Typically, the fee will be paid by the seller out of payments made by the buyer on the carryback note. Alternatively, the buyer can create a separate note (reducing the amount of the carryback note by an equal amount), payable to the broker for the fee and secured by a junior trust deed. The purchase price for the real estate remains the same.
However, the broker must understand a note signed by the buyer and secured by one-to-four unit residential property, purchased and occupied by the buyer, is nonrecourse paper. The note finances part of the purchase of the buyer’s residence. [CCP §580b]
When the sale includes little to no cash down payment, the broker, like the seller, must wait to be paid.
Thus, if the buyer defaults and an underlying trust deed holder (i.e., the seller) forecloses, wiping out the broker’s trust deed, the broker cannot obtain a personal money judgment against the buyer. The broker simply loses his fee.
Editor’s note – This anti-deficiency rule applies only if the buyer purchases and occupies a one-to-four unit residential property. If the buyer does not occupy, or the property is other than one-to-four residential units, the broker can recover a money judgment. [Kistler v. Vasi (1969) 71 C2d 261]
To prevent being wiped out by the foreclosure of a senior trust deed, the broker may wish to avoid holding nonrecourse paper. Several options are available.
the seller can guarantee the buyer’s junior trust deed note on the real estate, making the seller personally liable to the broker if foreclosure wipes out the broker’s security;
the buyer or seller can provide property other than the real estate being sold as additional security;
the broker can become a co-owner/beneficiary of a pro rata share of the carryback note or an assignee of the note for payment of his fees;
the broker can carry an unsecured recourse note payable by either the seller or the buyer – as part of the price; or
the brokerage fee can be a recourse note signed by the seller and secured by a collateral assignment of the seller’s carryback trust deed note. A security agreement would provide for all or part of the carryback payments to be received by the broker until the brokerage fee is paid in full. When the fee is fully paid, the broker will reassign the trust deed to the seller.
However, the seller takes on an additional risk of loss under any arrangement the seller makes to pay the deferred fee. The risk arises when the buyer defaults on the payments which require the foreclosure of the carryback.

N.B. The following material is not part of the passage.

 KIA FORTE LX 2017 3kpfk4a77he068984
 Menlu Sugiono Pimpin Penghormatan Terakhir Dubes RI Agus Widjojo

If the broker owns a percentage of the carryback, the seller and the broker become partners in any foreclosure process. To avoid anarchy, they should enter into a partnership agreement naming the partnership as the beneficiary of the trust deed before the closing of the original sales escrow. Otherwise, on foreclosure they will have to find a way to cooperate without the benefit of a written agreement.
If the broker holds a note for the fee signed by the seller, collateralized or not by the carryback note, the note for the fee is recourse/deficiency paper. The seller can be forced to pay – even when the carryback sale sours and the seller is faced with a loss – unless the fee note provides for relief in the event the buyer defaults on the carryback note.